The ODE states are listed in [structural_model] in the order they receive doses (CMT 1 = transit1 is the dosing compartment). The obs_cmt=central argument tells ferx which state to predict against DV.

Running

library(ferx)

ex  <- ferx_example("transit_2cpt")
fit <- ferx_fit(ex$model, ex$data)
fit

# Inspect the parsed structure
ferx_model_inspect(fit)

Dataset requirements

The data file must include a WT covariate column (body weight in kg); it is referenced directly in [individual_parameters]. Dose rows target CMT=1 (transit1).

The transit chain provides the absorption delay via MTT — no separate lag time parameter is needed in this model.
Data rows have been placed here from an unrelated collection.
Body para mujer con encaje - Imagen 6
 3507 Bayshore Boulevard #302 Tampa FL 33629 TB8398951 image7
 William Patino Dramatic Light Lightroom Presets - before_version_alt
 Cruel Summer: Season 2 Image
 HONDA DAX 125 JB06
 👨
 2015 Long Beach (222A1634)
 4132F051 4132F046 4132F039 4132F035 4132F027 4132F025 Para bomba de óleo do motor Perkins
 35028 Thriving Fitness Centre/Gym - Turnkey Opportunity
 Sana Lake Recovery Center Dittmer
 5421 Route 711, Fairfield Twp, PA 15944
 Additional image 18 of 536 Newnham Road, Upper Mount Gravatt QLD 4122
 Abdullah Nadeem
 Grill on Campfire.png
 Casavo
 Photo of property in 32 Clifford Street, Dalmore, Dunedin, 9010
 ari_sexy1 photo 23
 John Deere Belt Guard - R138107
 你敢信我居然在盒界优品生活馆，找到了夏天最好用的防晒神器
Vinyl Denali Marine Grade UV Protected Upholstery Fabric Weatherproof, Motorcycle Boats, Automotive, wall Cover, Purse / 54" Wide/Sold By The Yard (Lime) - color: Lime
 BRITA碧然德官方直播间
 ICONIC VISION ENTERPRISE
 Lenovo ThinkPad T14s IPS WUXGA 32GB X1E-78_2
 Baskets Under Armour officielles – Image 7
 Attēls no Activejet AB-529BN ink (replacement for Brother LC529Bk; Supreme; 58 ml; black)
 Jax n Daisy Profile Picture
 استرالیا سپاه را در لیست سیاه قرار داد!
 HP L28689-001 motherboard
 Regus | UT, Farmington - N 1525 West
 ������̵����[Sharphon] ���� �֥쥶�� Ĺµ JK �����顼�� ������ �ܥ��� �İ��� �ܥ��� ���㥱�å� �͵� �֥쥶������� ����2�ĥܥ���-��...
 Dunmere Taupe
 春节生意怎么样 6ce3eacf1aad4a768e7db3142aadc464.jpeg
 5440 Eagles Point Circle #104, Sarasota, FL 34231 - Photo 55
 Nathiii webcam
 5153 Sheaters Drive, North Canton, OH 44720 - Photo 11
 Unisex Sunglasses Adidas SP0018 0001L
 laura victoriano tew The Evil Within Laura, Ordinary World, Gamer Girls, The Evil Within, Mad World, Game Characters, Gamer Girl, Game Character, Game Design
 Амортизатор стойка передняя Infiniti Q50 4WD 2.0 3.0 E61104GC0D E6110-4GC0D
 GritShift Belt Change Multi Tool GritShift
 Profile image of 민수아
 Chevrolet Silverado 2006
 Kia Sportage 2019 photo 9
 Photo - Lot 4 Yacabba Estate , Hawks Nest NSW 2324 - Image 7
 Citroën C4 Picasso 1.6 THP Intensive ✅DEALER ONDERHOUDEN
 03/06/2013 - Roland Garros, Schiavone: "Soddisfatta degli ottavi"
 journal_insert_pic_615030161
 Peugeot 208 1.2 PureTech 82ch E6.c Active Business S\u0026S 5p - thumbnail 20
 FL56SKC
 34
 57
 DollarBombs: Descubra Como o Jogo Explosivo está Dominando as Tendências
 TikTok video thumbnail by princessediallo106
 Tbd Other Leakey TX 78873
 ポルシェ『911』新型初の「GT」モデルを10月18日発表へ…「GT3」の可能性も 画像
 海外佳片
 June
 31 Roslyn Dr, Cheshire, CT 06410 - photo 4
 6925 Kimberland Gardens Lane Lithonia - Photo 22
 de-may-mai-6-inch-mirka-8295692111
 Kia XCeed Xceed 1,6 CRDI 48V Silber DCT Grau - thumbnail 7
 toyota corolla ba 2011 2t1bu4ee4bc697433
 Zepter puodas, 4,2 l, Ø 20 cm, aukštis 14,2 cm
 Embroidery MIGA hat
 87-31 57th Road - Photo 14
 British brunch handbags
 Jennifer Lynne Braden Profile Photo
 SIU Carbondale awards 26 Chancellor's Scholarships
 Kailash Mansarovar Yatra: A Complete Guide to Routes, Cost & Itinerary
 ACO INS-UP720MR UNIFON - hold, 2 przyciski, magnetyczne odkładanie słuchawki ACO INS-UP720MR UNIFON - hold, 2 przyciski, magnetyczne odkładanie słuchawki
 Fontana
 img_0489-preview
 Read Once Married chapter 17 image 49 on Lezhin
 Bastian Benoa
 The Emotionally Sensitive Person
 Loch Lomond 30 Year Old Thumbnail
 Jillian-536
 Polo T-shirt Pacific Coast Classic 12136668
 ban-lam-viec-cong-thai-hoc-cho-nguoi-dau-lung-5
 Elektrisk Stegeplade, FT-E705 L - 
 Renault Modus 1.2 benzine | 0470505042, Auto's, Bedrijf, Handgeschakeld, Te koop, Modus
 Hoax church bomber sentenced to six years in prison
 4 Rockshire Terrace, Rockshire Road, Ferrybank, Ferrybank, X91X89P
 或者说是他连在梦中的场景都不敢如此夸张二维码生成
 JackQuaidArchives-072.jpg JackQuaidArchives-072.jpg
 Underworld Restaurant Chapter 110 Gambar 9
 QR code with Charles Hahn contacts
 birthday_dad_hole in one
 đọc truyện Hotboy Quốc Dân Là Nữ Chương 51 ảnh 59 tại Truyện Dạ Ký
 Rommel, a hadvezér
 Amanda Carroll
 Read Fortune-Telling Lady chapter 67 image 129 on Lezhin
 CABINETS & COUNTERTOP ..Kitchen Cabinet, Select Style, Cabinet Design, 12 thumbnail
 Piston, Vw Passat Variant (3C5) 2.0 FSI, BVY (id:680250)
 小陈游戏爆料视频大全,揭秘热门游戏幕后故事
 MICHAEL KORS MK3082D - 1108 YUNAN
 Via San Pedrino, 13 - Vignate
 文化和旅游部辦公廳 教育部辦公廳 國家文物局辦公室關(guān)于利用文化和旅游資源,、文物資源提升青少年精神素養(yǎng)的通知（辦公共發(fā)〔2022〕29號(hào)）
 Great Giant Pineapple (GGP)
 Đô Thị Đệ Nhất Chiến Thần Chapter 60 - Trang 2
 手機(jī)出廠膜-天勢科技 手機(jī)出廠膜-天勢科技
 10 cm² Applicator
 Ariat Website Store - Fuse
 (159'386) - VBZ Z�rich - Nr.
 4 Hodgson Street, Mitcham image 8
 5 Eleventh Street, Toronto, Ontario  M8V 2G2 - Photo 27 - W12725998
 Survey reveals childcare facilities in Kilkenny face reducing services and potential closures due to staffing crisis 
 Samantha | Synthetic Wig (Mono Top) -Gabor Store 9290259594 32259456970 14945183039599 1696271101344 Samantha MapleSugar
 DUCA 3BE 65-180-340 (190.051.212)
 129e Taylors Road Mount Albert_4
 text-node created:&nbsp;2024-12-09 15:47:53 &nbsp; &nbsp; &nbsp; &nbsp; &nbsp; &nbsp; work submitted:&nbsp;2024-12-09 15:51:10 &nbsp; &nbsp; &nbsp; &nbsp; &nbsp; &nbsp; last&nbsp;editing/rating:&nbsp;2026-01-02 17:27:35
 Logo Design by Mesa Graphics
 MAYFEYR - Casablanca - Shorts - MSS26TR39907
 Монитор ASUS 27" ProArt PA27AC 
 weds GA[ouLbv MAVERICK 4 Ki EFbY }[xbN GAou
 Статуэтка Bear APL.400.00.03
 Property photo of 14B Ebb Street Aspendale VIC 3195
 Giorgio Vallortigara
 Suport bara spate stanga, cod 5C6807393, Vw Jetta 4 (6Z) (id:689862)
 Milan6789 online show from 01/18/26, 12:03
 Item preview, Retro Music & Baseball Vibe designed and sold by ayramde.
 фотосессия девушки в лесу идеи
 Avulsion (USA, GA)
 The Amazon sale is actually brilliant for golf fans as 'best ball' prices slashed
To add a true pre-transit lag on top of the transit delay, declare a theta TVLAG and wire it in:

LAGTIME = TVLAG

[structural_model]
  ode(obs_cmt=central, states=[transit1, ...], lagtime=LAGTIME)

Tips

  • Number of transit compartments: the model is easy to extend. Change the states=[...] list, add corresponding ODE equations, and update KTR = (n+1) / TVMTT with the new n.
  • Allometric exponents: 0.75 on CL (three-quarter power law) and 1.0 on V are the standard physiological allometry values. Override with estimated thetas if the dataset supports it.
  • BSV on Q/V2: Q and V2 carry no BSV here. Add ETAs if peripheral samples are available and residuals show systematic subject-level bias.